**What the exercise asks:**
Gather all lines in the entries that include the word "album".

**Dataset excerpts:**
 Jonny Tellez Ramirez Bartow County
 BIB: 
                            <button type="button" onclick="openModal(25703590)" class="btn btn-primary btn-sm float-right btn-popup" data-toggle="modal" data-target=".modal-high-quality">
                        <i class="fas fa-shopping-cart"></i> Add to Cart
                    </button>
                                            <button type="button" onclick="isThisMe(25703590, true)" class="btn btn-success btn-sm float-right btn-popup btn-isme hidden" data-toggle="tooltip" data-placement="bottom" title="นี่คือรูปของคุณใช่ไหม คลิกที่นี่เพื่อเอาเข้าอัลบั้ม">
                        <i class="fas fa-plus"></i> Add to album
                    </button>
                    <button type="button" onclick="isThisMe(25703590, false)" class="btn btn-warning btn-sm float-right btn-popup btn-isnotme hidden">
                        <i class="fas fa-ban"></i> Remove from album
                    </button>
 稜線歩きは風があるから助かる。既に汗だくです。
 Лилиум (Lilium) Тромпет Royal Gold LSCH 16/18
--
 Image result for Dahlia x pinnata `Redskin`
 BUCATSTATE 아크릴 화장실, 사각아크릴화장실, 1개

**Worked solution:**
                        <i class="fas fa-plus"></i> Add to album
                        <i class="fas fa-ban"></i> Remove from album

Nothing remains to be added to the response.